Il disastroso concerto dei Rolling Stones a Berlino nel 1965

Waldbühne, concerto dei Rolling Stones, 15 settembre 1965: migliaia di fan distruggono il palco e l’esibizione dura 25 minuti

Nel 1965, i Rolling Stones pubblicarono l’omonimo album, The Rolling Stones No. 2, e scalarono le classifiche internazionali con il singolo (I Can’t Get No) Satisfaction. Nello stesso anno, la band diede il via ad una tournée europea, la quarta, da quando il gruppo si era formato a Londra, nel 1962. I Rolling Stones suonano per la prima volta in Germania, passando da Münster, Essen, Amburgo, Monaco e Berlino Ovest. L’esibizione alla Waldbühne di Berlino Ovest, il 15 settembre del ’65, è ricordata, ancora oggi, per essersi rivelata una catastrofe epocale: durò appena venticinque minuti e fu seguita da quattro ore di pesanti disordini, tra i fan delusi e la polizia.

La sera del concerto a Waldbühne

In Germania, i cinque spettacoli dei Rolling Stones erano tutti andati sold out. La rivista giovanile Bravo li aveva presentati al pubblico tedesco come “la band più dura di tutti i tempi”. Il 15 settembre, 20.000 giovani fan entusiasti si recarono, così, alla Waldbühne, per vedere dal vivo Mick Jagger e soci. La sera del concerto, una delle band chiamate ad aprire il concerto salì sul palco per suonare prima degli Stones. I gruppi spalla erano quattro, ma il pubblico aveva poca voglia di aspettare i loro beniamini.
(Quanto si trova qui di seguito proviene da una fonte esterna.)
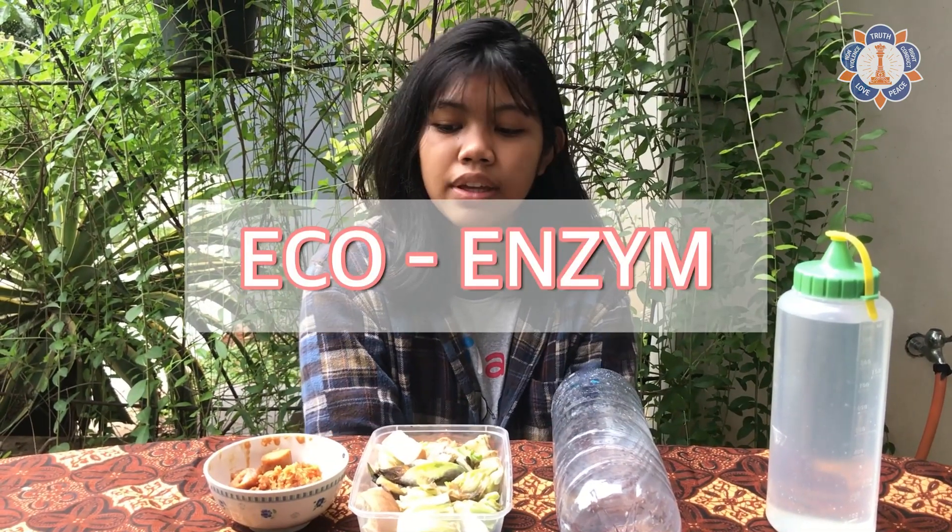Hello everyone! I'm Lalita Radhika Rajaswari from Indonesia and today we're going to start a project on making eco-enzyme. Over the next few months there will be updates shared via this newsletter, so now let's take a look step by step to make eco-enzyme.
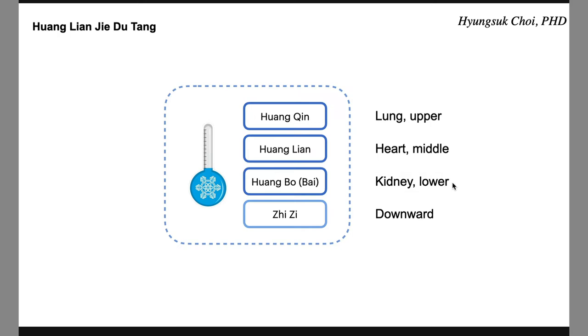When Huangbo is combined with Zhimu, they are a paired herb good for clearing empty heat. Jiji has a special function — it releases heat and dampness and makes everything go down. So Jiji is usually used for heat signs on the upper part, like the neck and face. When patients have acne with heat signs — red pimples and pus — Jiji is a popular herb used in their formula.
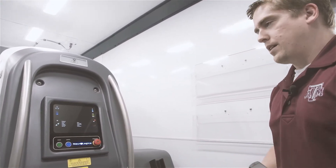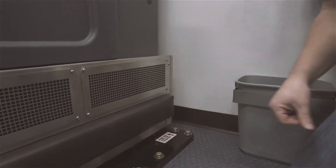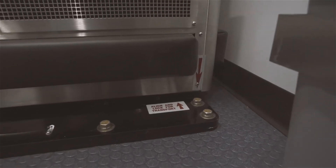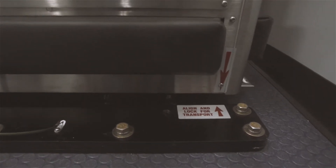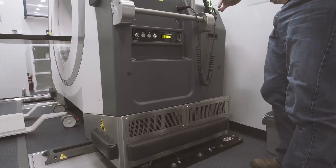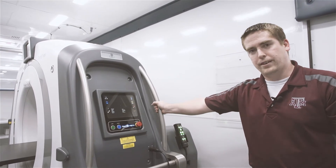Once we're done with the scan and want to put the scanner back into transport mode, you'll notice at the end of the lock plate there are alignment arrows that need to line up before you can lock the scanner into place. The arrows are about a couple of inches off, so I'll slowly move the scanner until they align, then put those pins back in. I'll do the same on the other side so it's secured and ready to go back down the road. Note: this is only necessary when you're ready to start traveling — not between scans and between patients.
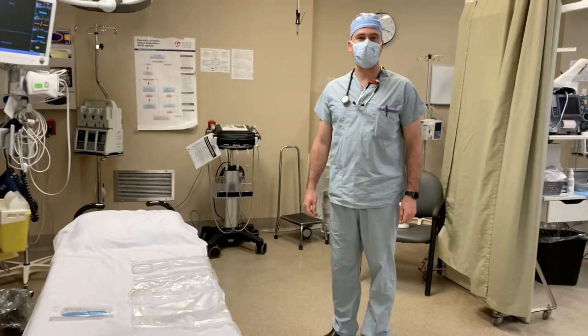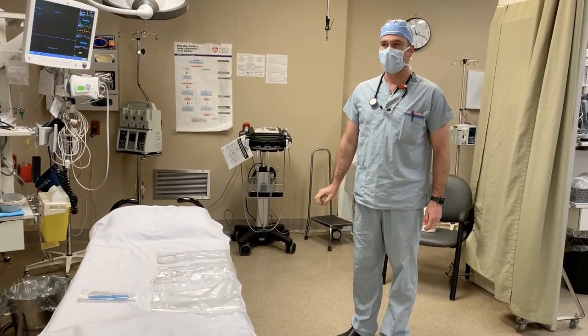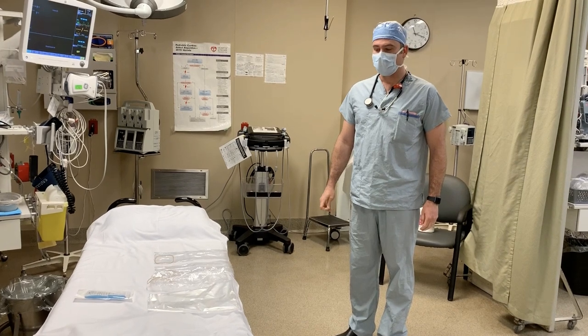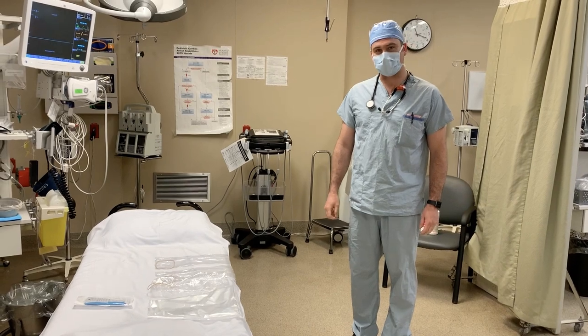Hi, I'm Mike. I'm one of the emergency room physicians at the Monkham Hospital, and I'm here to show you an approach to protecting your ultrasound machine while using it on patients who are suspect COVID.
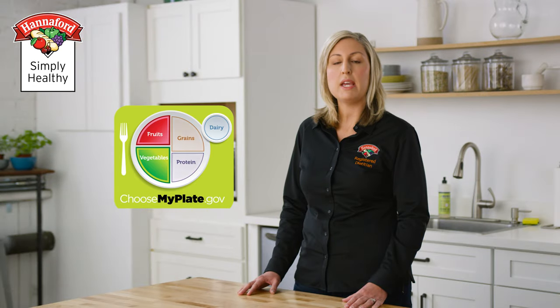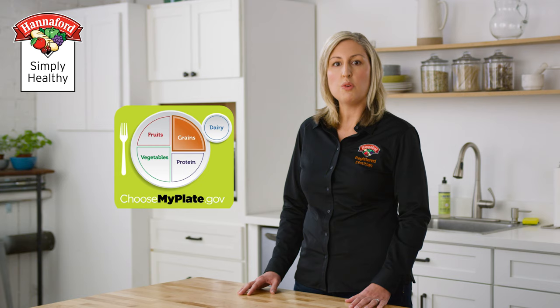But what's the best way to build one? MyPlate is a tool that provides an easy framework for what a healthy plate should look like. Half the plate should be made up of produce — fruits and vegetables. A quarter of the plate is whole grains, another quarter is lean protein, and a serving of dairy. It accommodates a lot of different nutrition needs and helps us understand what a plate should look like every time we sit down to eat.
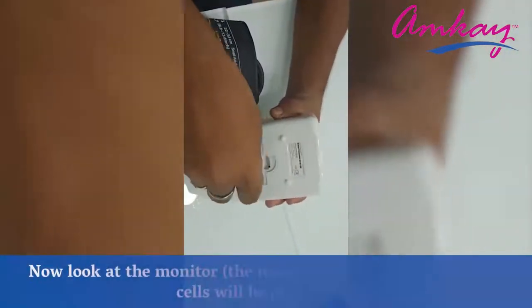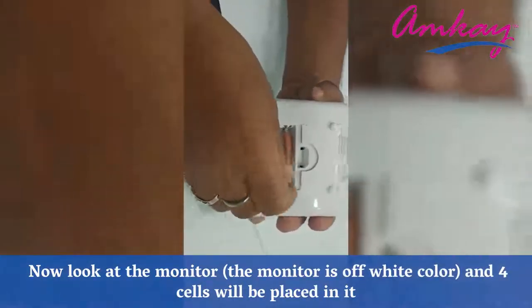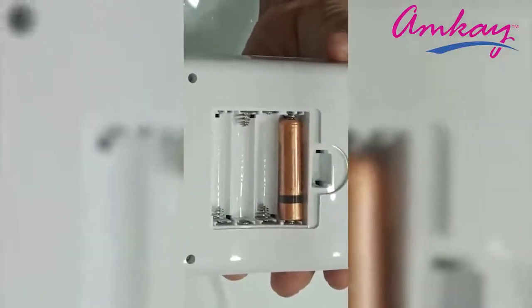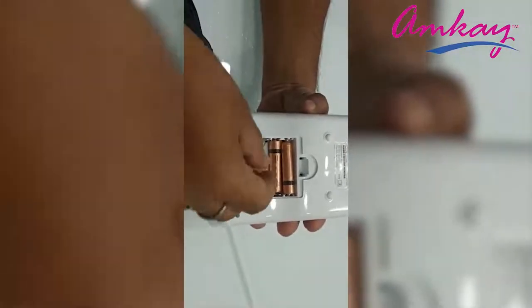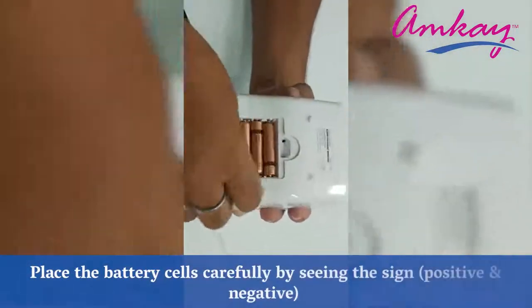Now look at the monitor. The monitor is off-white color and 4 cells will be placed in it. Place the battery cells carefully by seeing the sign — positive and negative.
Sotto l’occhio vigile della polizia, la situazione inizialmente restava calma. Intanto centinaia di fan, che, per vari motivi, non volevano o non potevano permettersi di pagare il biglietto di ingresso si accalcarono fuori dalla Waldbühne. Determinati a vedere lo stesso il concerto tentarono si scavalcare le barriere, in direzione delle prime file. Nel frattempo, il pubblico, sempre più impaziente, iniziò a lanciare uova e mele sui malcapitati musicisti delle band di apertura. I Rolling Stones salirono finalmente sul palco, aprendo il concerto con Everybody Needs Somebody To Love. L’umore dei fan cambiò rapidamente, e la rabbia repressa venne liberata. Centinaia di fan presero d’assalto il palco, scontrandosi con le forze di sicurezza che, sopraffatte, si arresero. Jagger e compagni riparano dietro le quinte, per poi – una volta che la calma fu ristabilita – ricomparire e suonare, svogliati, altri sette brani, per poi sparire di nuovo. I fan, infuriati, si sfogarono smontando il palco e appiccarono fuochi ovunque. Gli scontri con la polizia continuarono fino a notte fonda.

Il resoconto del concerto

Gli scontri provocarono quasi 100 feriti, 85 arresti e la distruzione dell’anfiteatro, poi ricostruito negli anni successivi. Il giorno dopo il concerto Marianne Koch, giornalista della Bild, scrisse: “Adesso conosco l’inferno. Il mio lavoro mi ha insegnato ad essere abbastanza coraggiosa. Ieri sera, alla Waldbühne, ho imparato ad avere paura”. Alcuni giornali berlinesi, prima del concerto dei Rolling Stones, avevano giudicato negativamente i concerti rock ed i fan ribelli, profetizzando una rivolta. La concretizzazione delle aspettative ha dato inizio alla prima battaglia intergenerazionale tedesca negli anni 60. L’evento del 15 settembre 1965 ha segnato una svolta nella storia sociale della Germania occidentale, ed ha conferito tono alle successive manifestazioni studentesche.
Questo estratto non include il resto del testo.